Un centro de datos es, en esencia, un gran edificio lleno de computadoras que nunca descansan. Allí viven las memorias y los cálculos que sostienen la vida digital del planeta. Cuando enviamos un correo, cuando Netflix recomienda una serie o cuando una empresa calcula la nómina de sus empleados, no lo hace una laptop ni un celular: lo hace una granja de servidores que procesa y almacena millones de operaciones simultáneas.

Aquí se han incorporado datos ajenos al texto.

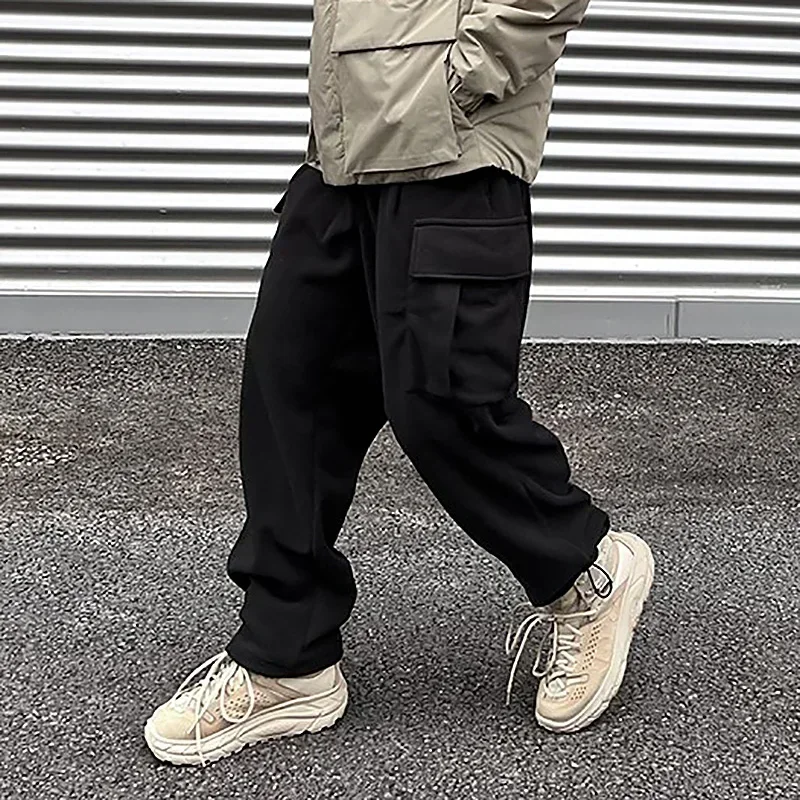 New Arrival SFC CARGO PANTS Multi-pocket Large Pocket Guard Pants Fleece Work Casual Men 22AW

Lo sorprendente es lo cotidiana que se ha vuelto esta interacción. Una persona que trabaja con un teléfono inteligente ya está en contacto permanente con decenas de centros de datos, quizás sin saberlo. Cada transacción bancaria pasa por uno; las reuniones virtuales se enrutan por otro; los archivos en la nube viajan entre varios más. El espacio de trabajo contemporáneo no es una oficina física ni siquiera un escritorio digital: es una red de cables de fibra óptica, switches y ventiladores industriales donde la temperatura debe mantenerse constante para que el calor no derrita los chips.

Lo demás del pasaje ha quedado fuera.